The term is employed in various disciplines, including music, physics, acoustics, electronic power transmission, radio technology, and other fields. For example, if the fundamental frequency is 50 Hz, a common AC power supply frequency, the frequencies of the first three higher harmonics are 100 Hz (2nd harmonic), 150 Hz (3rd harmonic), 200 Hz (4th harmonic) and any addition of waves with these frequencies is periodic at 50 Hz.
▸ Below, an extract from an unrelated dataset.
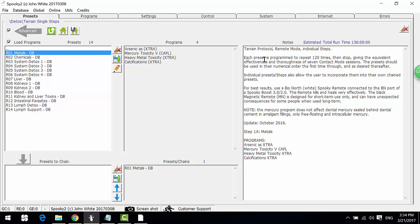That each preset is programmed to repeat 120 times then stop. The estimated total runtime is about 136 hours.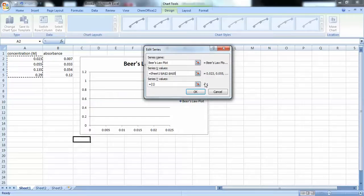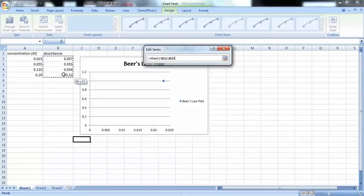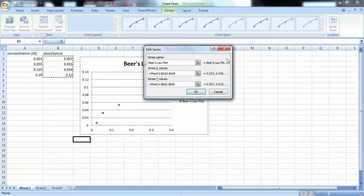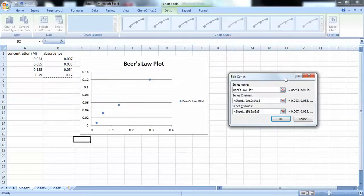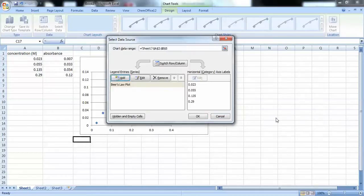And we'll do the same thing for the Y values. Click on the window, highlight our absorbances, and then click on the window again. And you should get a plot that looks sort of like this. Click OK twice.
In music, harmonics are used on string instruments and wind instruments as a way of producing sound on the instrument, particularly to play higher notes and, with strings, obtain notes that have a unique sound quality or "tone colour". On strings, bowed harmonics have a "glassy", pure tone. On stringed instruments, harmonics are played by touching (but not fully pressing down the string) at an exact point on the string while sounding the string (plucking, bowing, etc.); this allows the harmonic to sound, a pitch which is always higher than the fundamental frequency of the string.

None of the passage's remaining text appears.